Why Check DNS Records?
DNS (Domain Name System) is the "phone book of the internet" that translates domain names into IP addresses. Checking DNS records is necessary in the following situations:
- Website troubleshooting - if a site doesn't load, DNS check helps identify resolution issues
- Email setup - checking MX records is crucial for proper mail server configuration
- Email security - verify SPF, DKIM, and DMARC records (TXT) to protect against spam
- Site migration - confirm DNS records updated after moving to new hosting
- CDN setup - check CNAME records when connecting a Content Delivery Network
DNS Record Types
- A record - links domain name to IPv4 address
- AAAA record - links domain to IPv6 address
- CNAME record - creates an alias for another domain
- MX record - specifies mail servers
- TXT record - text information (SPF, DKIM)

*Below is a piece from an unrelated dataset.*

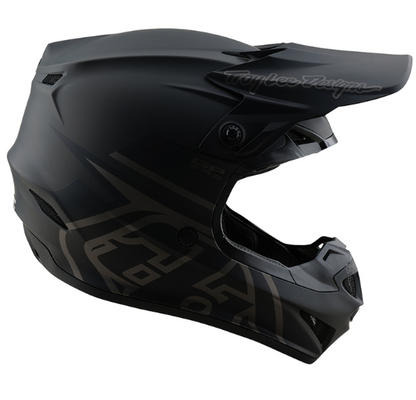 Детска мотокрос каска TROY LEE DESIGNS GP Pro Mono - Black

- NS record - authoritative name servers
How to run a DNS Lookup
- Enter a domain — just the name, no protocol (google.com, yandex.ru).

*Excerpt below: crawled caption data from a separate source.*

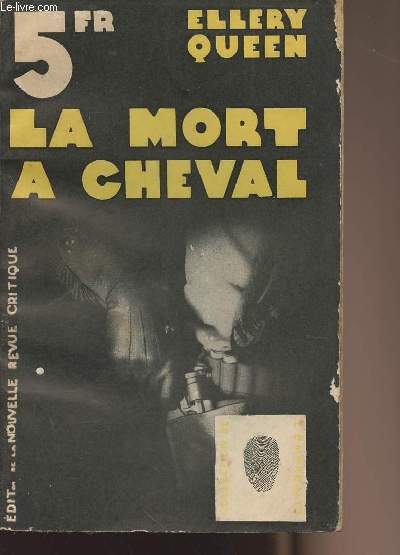 La mort  cheval - collection de 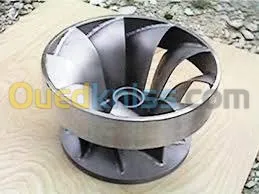 Fabrication et confection des turbines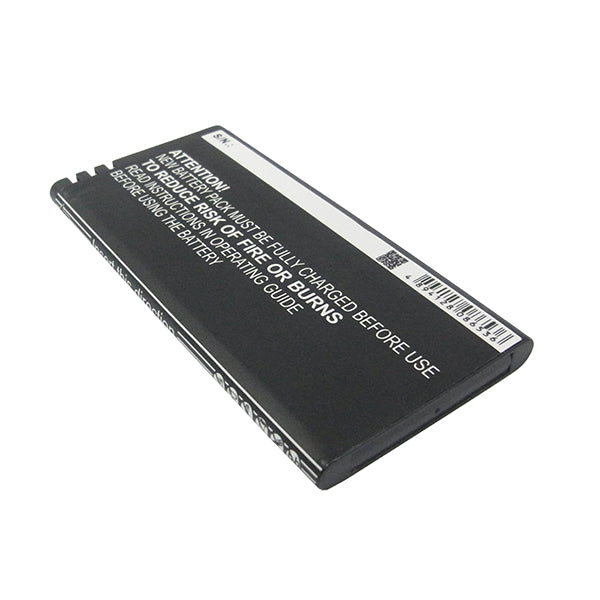 Cameron Sino Cs Nk630Sl 1650Mah Battery For Microsoft Lumia 630 Phone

- Start the check — the service queries authoritative DNS servers for every record type in parallel.
- Inspect the results — A and AAAA — IPv4/IPv6 addresses; MX — mail servers; TXT — SPF/DKIM/DMARC/verification; NS — where the zone is hosted.
- Compare to expectation — after a migration the result must match the new provider configuration.
Example use cases
Corporate email setup
After adding SPF/DKIM in the registrar panel, confirm TXT records and check that DMARC policy is live globally.
Site migration
Check where the A record points — until DNS cache worldwide updates, some visitors still reach the old server.
Troubleshooting email delivery
If mail goes to spam, inspect MX (is it the actual server?) and TXT (is SPF valid? is DKIM signed?).
Subdomain discovery
CNAME and NS records hint where subdomains like cdn.site.com live — handy for infrastructure audits.
Common mistakes & fixes
- Empty A record after a change
- DNS propagates from 5 minutes to 48 hours. Check TTL: a short TTL (300s) is near-instant, a long one (86400) takes a day.
- SPF "softfail" at Google/Outlook
- A single TXT like v=spf1 include:_spf.mailhost.com ~all is required. Multiple SPF records on one domain break validation.
- DKIM signature fails
- Check the selector TXT, e.g. default._domainkey.site.com — if missing or malformed, mail is treated as unsigned.